The University website has this link to the course.
I am excited by this development. Jocelyn will add a distinctive voice and approach to the sharing of insights into the analysis of performance.
I was fortunate to meet her during her undergraduate study at the University and then watched with admiration as she completed an Honours’ project in performance analysis, became a performance analysis scholar at the Australian Institute of Sport and received her PhD.
In addition to her research interests, Jocelyn has also explored the possibilities of creating open educational resources.
With her permission I would like to share some news of the graduate certificate.
I will be encouraging a Bring Your Own Software approach to the course, as I will be using Open Source software such as RStudio and LongoMatch. Students will have access to Tableau. I will also be using Excel quite a lot throughout the course.
I preparing a MOOC to run on the Canvas Network which will be a 4-week taster of the entire Graduate Certificate (one week for each unit). This will commence in January 2017.

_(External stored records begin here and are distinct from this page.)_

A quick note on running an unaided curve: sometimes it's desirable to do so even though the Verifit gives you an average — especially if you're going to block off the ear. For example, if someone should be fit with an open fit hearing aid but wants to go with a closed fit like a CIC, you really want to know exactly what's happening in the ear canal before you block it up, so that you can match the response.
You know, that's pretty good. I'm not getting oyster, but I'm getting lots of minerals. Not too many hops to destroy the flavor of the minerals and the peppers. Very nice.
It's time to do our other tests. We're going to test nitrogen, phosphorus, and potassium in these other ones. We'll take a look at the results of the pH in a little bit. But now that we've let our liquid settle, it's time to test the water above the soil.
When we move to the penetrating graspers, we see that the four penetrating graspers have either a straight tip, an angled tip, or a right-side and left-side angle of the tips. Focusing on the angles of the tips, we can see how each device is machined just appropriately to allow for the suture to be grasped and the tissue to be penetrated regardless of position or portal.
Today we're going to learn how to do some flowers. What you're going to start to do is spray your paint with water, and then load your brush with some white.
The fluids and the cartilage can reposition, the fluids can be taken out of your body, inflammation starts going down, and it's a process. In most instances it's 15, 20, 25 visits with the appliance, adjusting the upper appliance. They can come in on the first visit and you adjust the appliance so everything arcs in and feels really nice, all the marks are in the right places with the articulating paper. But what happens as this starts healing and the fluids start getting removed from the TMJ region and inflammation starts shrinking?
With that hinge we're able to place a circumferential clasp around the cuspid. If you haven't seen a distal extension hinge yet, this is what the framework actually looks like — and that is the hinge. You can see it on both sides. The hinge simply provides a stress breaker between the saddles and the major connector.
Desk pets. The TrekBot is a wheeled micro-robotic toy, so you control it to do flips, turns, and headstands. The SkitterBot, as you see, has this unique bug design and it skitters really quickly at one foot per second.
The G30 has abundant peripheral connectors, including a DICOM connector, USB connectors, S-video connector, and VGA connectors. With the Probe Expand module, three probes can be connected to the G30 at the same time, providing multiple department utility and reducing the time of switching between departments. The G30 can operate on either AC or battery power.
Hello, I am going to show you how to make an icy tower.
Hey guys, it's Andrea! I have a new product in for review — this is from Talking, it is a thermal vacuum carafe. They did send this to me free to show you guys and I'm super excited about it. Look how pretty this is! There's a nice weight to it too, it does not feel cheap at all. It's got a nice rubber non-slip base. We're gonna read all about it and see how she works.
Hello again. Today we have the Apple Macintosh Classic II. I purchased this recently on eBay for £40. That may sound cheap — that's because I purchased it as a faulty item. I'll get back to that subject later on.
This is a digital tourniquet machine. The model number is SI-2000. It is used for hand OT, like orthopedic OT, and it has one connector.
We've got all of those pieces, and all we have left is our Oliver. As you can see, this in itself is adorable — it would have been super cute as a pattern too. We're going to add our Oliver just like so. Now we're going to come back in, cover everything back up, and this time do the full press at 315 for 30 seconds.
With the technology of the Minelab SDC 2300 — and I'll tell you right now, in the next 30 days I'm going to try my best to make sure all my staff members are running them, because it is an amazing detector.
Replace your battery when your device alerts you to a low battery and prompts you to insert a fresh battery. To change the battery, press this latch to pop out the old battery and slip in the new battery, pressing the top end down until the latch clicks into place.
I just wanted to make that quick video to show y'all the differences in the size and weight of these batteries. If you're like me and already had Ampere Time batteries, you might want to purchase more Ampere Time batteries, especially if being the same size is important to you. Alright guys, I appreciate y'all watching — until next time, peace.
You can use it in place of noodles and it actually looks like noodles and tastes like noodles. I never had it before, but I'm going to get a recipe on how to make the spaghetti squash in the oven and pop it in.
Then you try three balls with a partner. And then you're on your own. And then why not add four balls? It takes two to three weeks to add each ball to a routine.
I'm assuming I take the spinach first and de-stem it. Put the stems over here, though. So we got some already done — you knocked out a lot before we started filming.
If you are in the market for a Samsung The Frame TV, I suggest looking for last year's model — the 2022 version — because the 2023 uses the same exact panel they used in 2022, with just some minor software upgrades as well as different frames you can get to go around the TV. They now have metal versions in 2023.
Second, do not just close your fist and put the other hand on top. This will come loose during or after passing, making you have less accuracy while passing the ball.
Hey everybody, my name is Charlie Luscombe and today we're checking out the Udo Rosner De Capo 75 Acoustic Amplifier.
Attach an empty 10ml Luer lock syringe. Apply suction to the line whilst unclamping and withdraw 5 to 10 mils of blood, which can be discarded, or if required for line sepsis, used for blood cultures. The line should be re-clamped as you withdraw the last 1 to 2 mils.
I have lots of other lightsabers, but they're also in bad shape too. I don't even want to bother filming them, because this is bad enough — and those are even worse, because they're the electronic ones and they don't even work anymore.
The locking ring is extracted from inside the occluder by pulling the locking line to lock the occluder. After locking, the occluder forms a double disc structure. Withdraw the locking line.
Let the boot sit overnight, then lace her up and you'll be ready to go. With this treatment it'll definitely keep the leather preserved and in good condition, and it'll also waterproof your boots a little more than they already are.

I am delighted with the open aspects of the course. Jocelyn is discussing how her approach might fit in with Roland Goecke‘s work at the University of Canberra to offer a Masters in Data Science with a Sport Analytics strand.
This is the content of the Graduate Certificate course in Sports Analytics:
Unit 1: Performance Analysis in Sport
1.1 Identifying Performance Indicators
1.2 Designing Observational Systems and Collecting Data
1.3 Data Analysis and Interpretation
1.4 Feedback and Communication
- Collecting sports data
- Analysing data
- Visualising data
- Online quiz
- Match Analysis assessment
Unit 2: Athlete Monitoring
2.1 Player tracking
2.2 Monitoring athletes with self-report systems
2.3 Training load and injury
2.4 Performance testing
- Analysing player tracking data
- Analysing RPE and well-being data
- Monitoring training load
- Analysing performance testing data
- Online quiz
- Athlete monitoring assignment
Unit 3: Applied Data Analysis in Sport
3.1 Data management and transformation
3.2 Determining associations
3.3 Predicting outcomes
3.4 Determining differences
3.5 Data visualisation
Unit 4: Sport Informatics and Analytics
4.2 Pattern recognition
4.3 Performance monitoring
4.4 Audiences and messages
Formative ePortfolio to document engagement with unit 4.
I am hopeful that many of the resources I have been aggregating and curating will be supportive of Jocelyn’s work, particularly with unit 4 and this WikiEducator resource.
I hope this course is of interest to the sport industry. One of my ideas is that we support people who are in sport by offering flexible and open learning opportunities. I acknowledge too that some people might like a fee-for service structured attention opportunity that aligns them closely with a university and provides blended learning experiences.
I think that Jocelyn’s work can articulate with other institutions and communities of practice as each of decides how we continue to learn.